Checking whether your site is actually built to perform on mobile devices is a critical companion step to fixing Core Web Vitals. Our post on how to check if your website is mobile-friendly walks through the specific tests and benchmarks you should be running. A site that passes mobile-friendliness tests but still has heavy unoptimized images will still struggle with Core Web Vitals on mobile.
Tools That Help You Monitor Core Web Vitals
Running a one-time test is a start, but Core Web Vitals scores can change as you add new content, install plugins, or update your theme. Regular monitoring keeps you from discovering a performance regression months after it started hurting your rankings.
Beyond the Google tools mentioned earlier, GTmetrix provides detailed waterfall charts that show exactly which files are slowing your page down and in what order they load. WebPageTest allows you to simulate a page load from specific geographic locations and device types, which is useful for understanding what a visitor in St. George on a mobile device actually experiences.
If you are running a broader SEO strategy, tools like Ahrefs and SEMrush now include Core Web Vitals data within their site audit features. Connecting that data to your overall keyword rankings and technical SEO health checks gives you a complete picture of how performance is affecting visibility. Setting up monthly monitoring alerts means you catch new issues before they compound into larger ranking drops.

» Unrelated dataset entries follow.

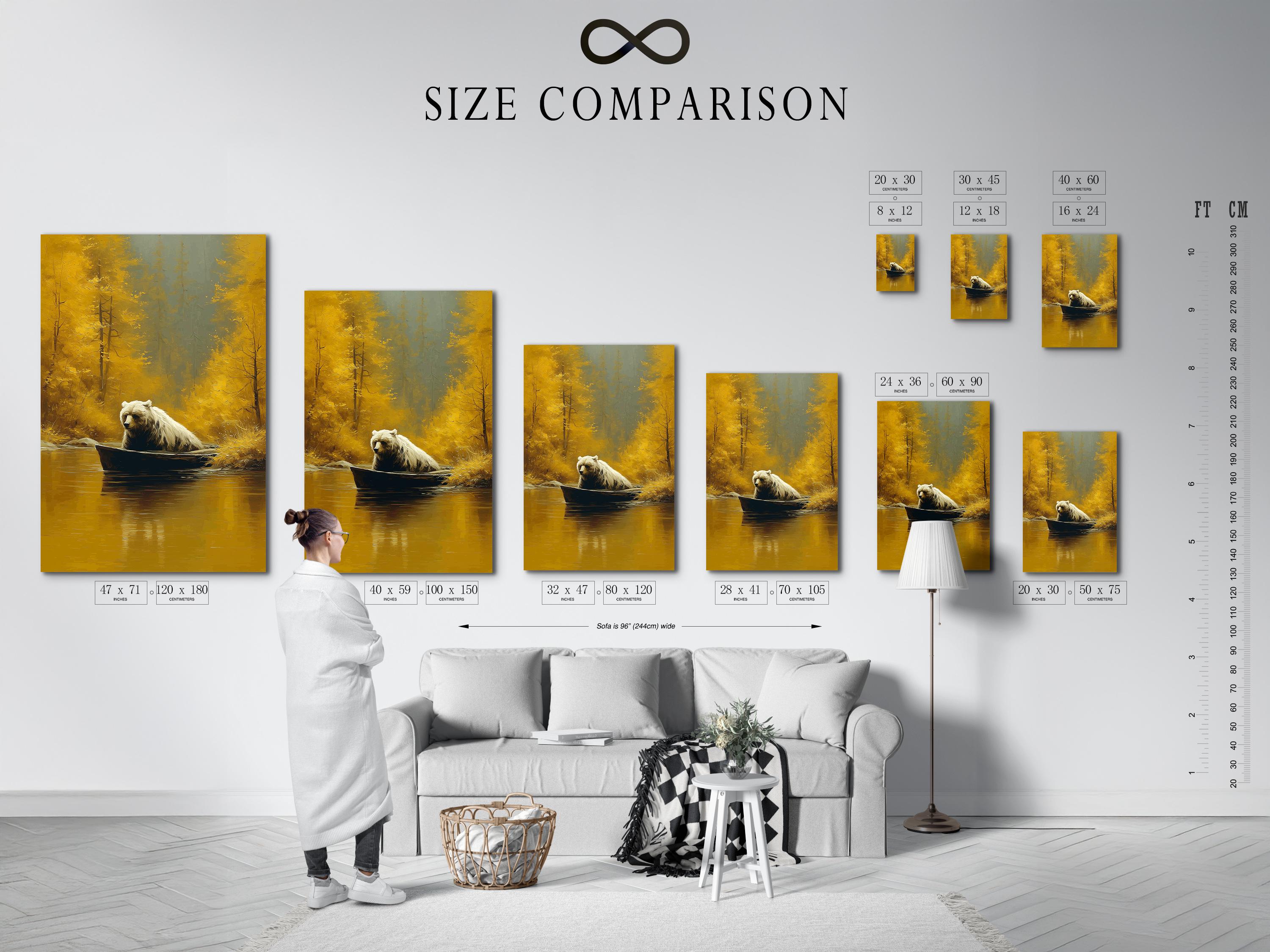 Wall mockup showing a framed bear-in-boat artwork against a light background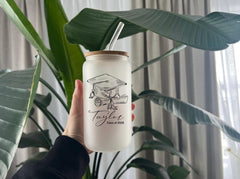 Personalized Glass Coffee Cup Graduation Gift for PhD Master's Med Law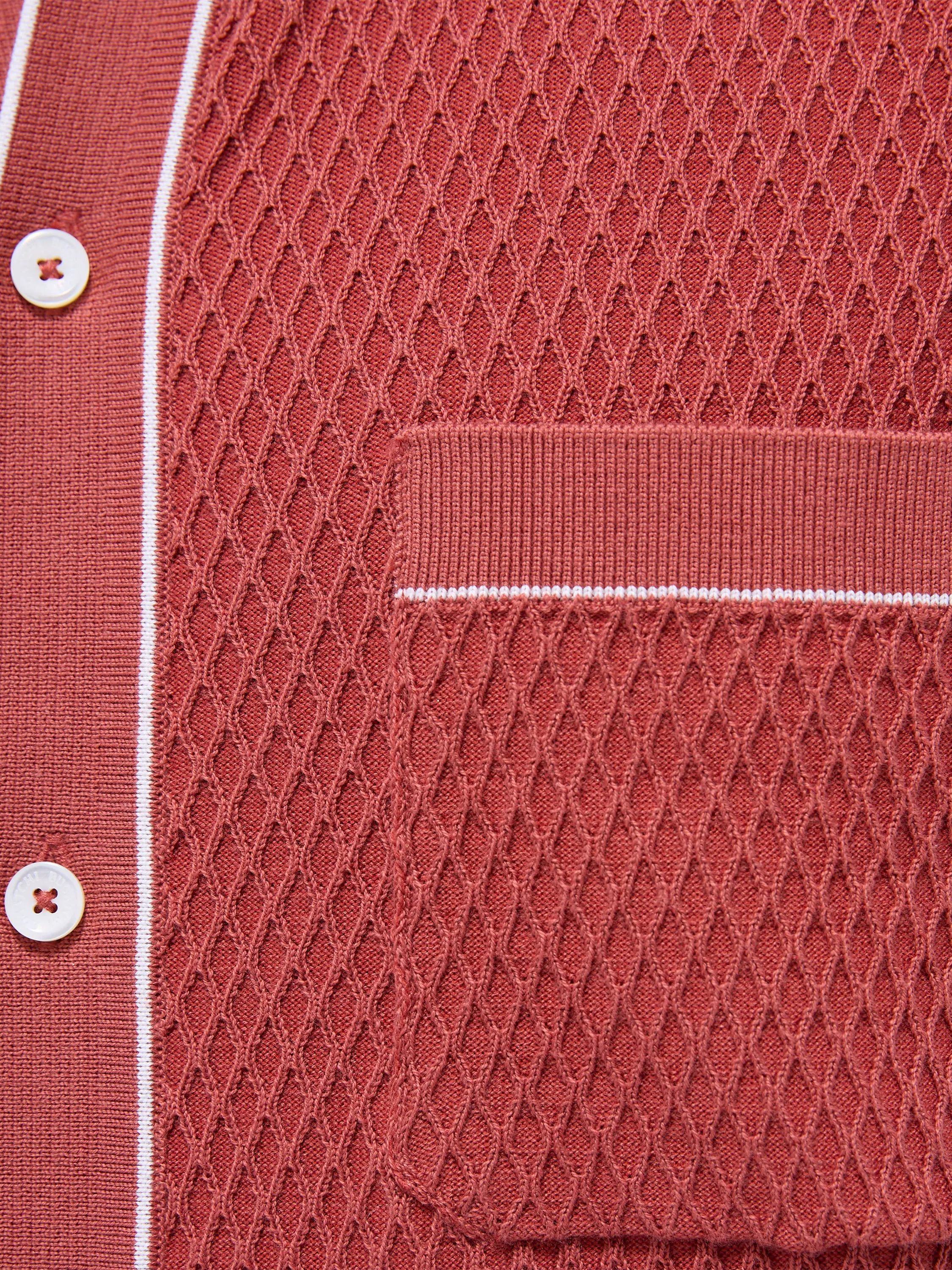 Bugatchi Textured Short Sleeve Knit Shirt - Brick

Frequently Asked Questions
1. What are Core Web Vitals?
Core Web Vitals are three specific website performance metrics defined by Google: Largest Contentful Paint (LCP), which measures loading speed; Interaction to Next Paint (INP), which measures interactivity; and Cumulative Layout Shift (CLS), which measures visual stability. Google introduced these metrics as official ranking signals in 2021 as part of its Page Experience update. They are measured using real-world data from Chrome browser users, making them a direct reflection of how actual visitors experience your website. Businesses with “Good” scores across all three metrics are rewarded with a positive Page Experience signal in Google’s ranking algorithm.